Wednesday, 21 November 2007

Time Again

As I stand in a certain spot looking in a certain direction, I do not occupy a definitive point of perception which excludes the reality of all other possible points of perception. Instead I occupy a continuously shifting position within the visual field, which is comprised of an infinity of points of perception all existing simultaneously. Reality here is the totality of this field of vision as opposed to the distinct reality of the individual points.
The same can be said of time. We occupy a continuously shifting position within this field, again with all the individual points of time existing simultaneously. This may sound stranger than the field of vision, but to take a look at the alternative which is that the only point of reality in time is the present moment which is continuously advancing thus sending all previous time into oblivion or unreality. Time from this perspective is a knife-edge of reality surrounded by unreality in both directions, which seems a very artificial picture of the real.

I wrote this a while back, and I was naturally unsatisfied with the weakness of the final line. We should realise that with time, it is a case of one or the other; that either there is this knife-edge of reality constantly disappearing into & surrounded by nothingness, or there is a field of time, all time in a sense existing simultaneously.
The first notion of time would be typically rendered as "The past is dead." If we can talk of something being in a state of non-existence, then this is an absolute. There is no 'did exist at one time, but no longer.' To meaningfully speak of non-existence is to mean absolute non-existence uncontradicted by moments of existence.
Using this understanding of time, there is always a point of perspective which renders all other points non-existent, or unreal. "But you are forgetting that that point of reality is real." But that point is made unreal by another point, and so on. So to say that time exists in the conventional sense, ie all existence is solely within this ever dying moment, is to say that time doesn't exist. This would seem to be contradicted by experience.

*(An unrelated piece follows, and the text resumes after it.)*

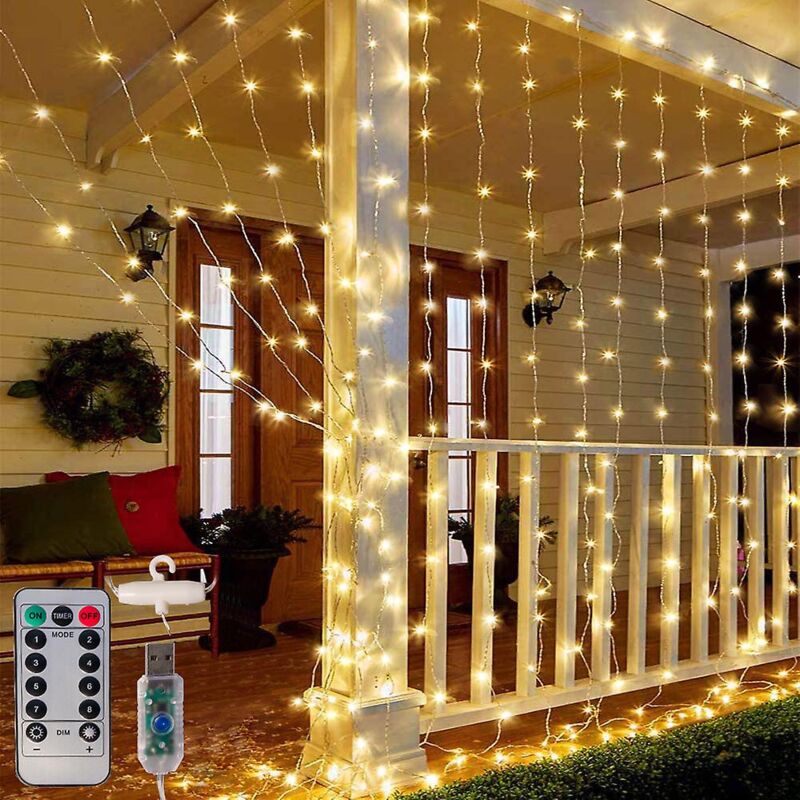 Guirlande lumineuse de Noël à 300 LED avec 8 modes et télécommande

The only time is a perpetual present; it does not make sense to speak of a previous moment not existing anymore, or of the past being dead. What exists in the present is the present; it is meaningless to speak of some other events in some other time not existing in this present. If we take a period of time such as the 1970s, everything that exists within that duration exists fully within that duration. It makes as little sense to say the 1970s, or things, events within the 1970s no longer exist in the 2000s as to say the 1970s don't exist in the 1930s. All three are real in themselves, and being real cannot be made unreal.
What is real doesn't become not real in some later dimension. One cannot meaningfully say "Julius Caesar doesn't exist now." The reality of Julius Caesar exists within the time of his existence, he doesn't not exist in another time.
Simliarly it is meaningless to speak of an elephant not existing within the room in which one is currently located, assuming that the room in which one is located does not contain an elephant. Or a glass of water in one corner of the room isn't made unreal by an apple in another corner, which is an approximate in sense to the rendering unreal of previous time by the onwards chronological movement of time.
That past and future are not within the field of my perception, but that is as as far as I can go in terms of claims to their unreality.

2 comments:

Neil Forsyth said...

Was it Kierkegaard who said that life can only be understood backwards; but it must be lived forwards? I like that. It's such a wonderful paradox. Time is a tricky topic for sure. It's very hard to say anything about it without sounding trite. Though you pulled it off in this interesting post, Andrew. It's the present, really, that boggles the mind. The past and future are easy enough to grasp, but the present, well, it just slips through our fingers doesn't it? I reckon time is just one part of our perceptual apparatus. Whether it has any objective reality is anybody's guess. Time certainly meant nothing to me before I was born, nor will it mean much when I die. In between these two event, I can have a good time or a bad time.

Andrew said...

It's certainly extremely strange once you start thinking about it, Neil. I think the notion itself seems an abstraction, at least in terms of time measured on a clock...an artificial slicing up of reality by a mind that creates a world of artifice for itself in the ironic attempt to create a world of certainty...though like you say, it's very hard to talk of it without sounding trite.